Recent advancements in combinatorial optimization (CO) problems emphasize the potential of graph neural networks (GNNs). The physics-inspired GNN (PI-GNN) solver, which finds approximate solutions through unsupervised learning, has attracted significant attention for large-scale CO problems. Nevertheless, there has been limited discussion on the performance of the PI-GNN solver for CO problems on relatively dense graphs where the performance of greedy algorithms worsens. In addition, since the PI-GNN solver employs a relaxation strategy, an artificial transformation from the continuous space back to the original discrete space is necessary after learning, potentially undermining the robustness of the solutions. This paper numerically demonstrates that the PI-GNN solver can be trapped in a local solution, where all variables are zero, in the early stage of learning for CO problems on the dense graphs. Then, we address these problems by controlling the continuity and discreteness of relaxed variables while avoiding the local solution: (i) introducing a new penalty term that controls the continuity and discreteness of the relaxed variables and eliminates the local solution; (ii) proposing a new continuous relaxation annealing (CRA) strategy. This new annealing first prioritizes continuous solutions and intensifies exploration by leveraging the continuity while avoiding the local solution and then schedules the penalty term for prioritizing a discrete solution until the relaxed variables are almost discrete values, which eliminates the need for an artificial transformation from the continuous to the original discrete space. Empirically, better results are obtained for CO problems on the dense graphs, where the PI-GNN solver struggles to find reasonable solutions, and for those on relatively sparse graphs. Furthermore, the computational time scaling is identical to that of the PI-GNN solver.

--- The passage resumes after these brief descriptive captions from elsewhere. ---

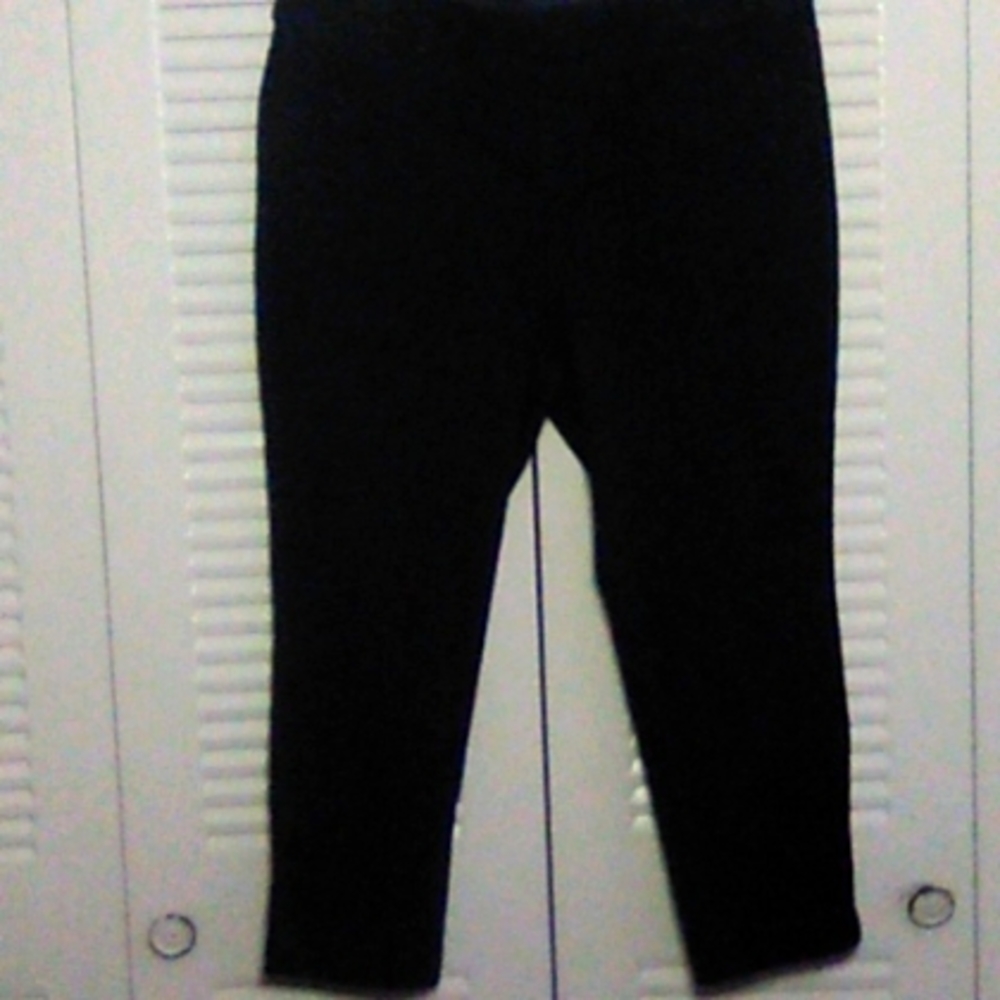 Black pants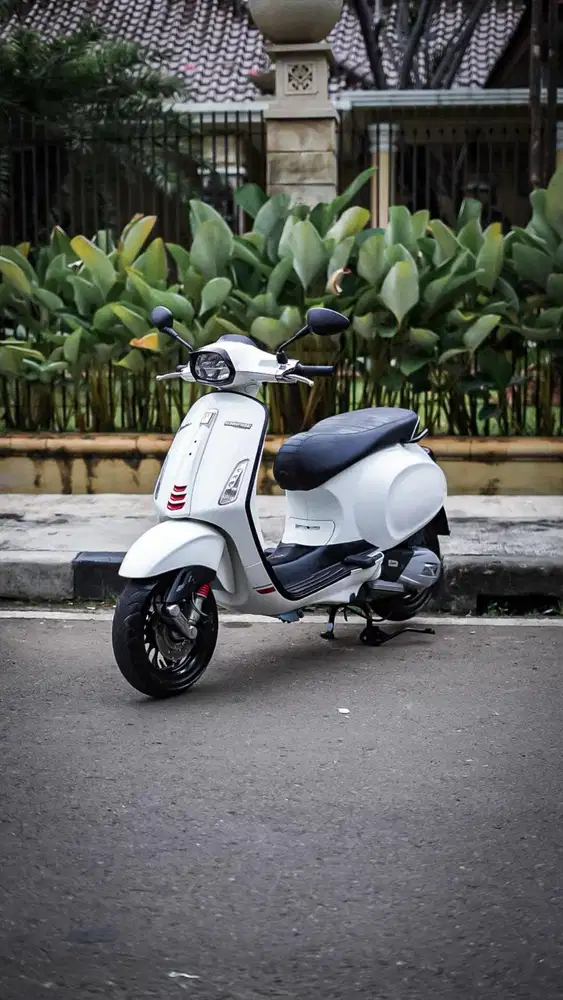 PIAGGIO VESPA SPRINT S 150 IGET ABS 2023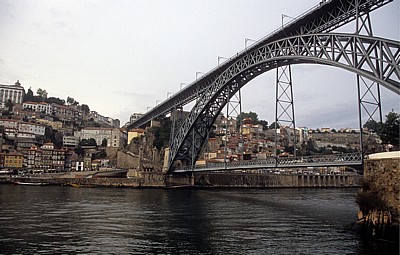 Ponte Luís I - Vila Nova de Gaia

翻译：组合优化问题的近期进展强调了图神经网络（GNN）的潜力。受物理学启发的GNN（PI-GNN）求解器通过无监督学习寻找近似解，在大规模组合优化问题中受到广泛关注。然而，在贪心算法性能较差的相对稠密图组合优化问题上，PI-GNN求解器的表现尚未得到充分讨论。此外，由于PI-GNN求解器采用松弛策略，学习后需要将连续空间人工映射回原始离散空间，这可能削弱解的鲁棒性。本文通过数值实验证明，在稠密图的组合优化问题学习初期，PI-GNN求解器可能陷入所有变量均为零的局部解。为此，我们通过控制松弛变量的连续性与离散性来规避局部解并解决上述问题：（i）引入新的惩罚项，通过控制松弛变量的连续性与离散性消除局部解；（ii）提出新的连续松弛退火（CRA）策略。该退火策略优先利用连续性强化探索以规避局部解，再通过调度惩罚项优先获得离散解，直至松弛变量接近离散值，从而避免从连续空间向原始离散空间的人工映射。实验表明，在PI-GNN求解器难以找到合理解的稠密图组合优化问题以及相对稀疏图的问题上，本方法均获得更优结果。此外，计算时间扩展性与PI-GNN求解器保持一致。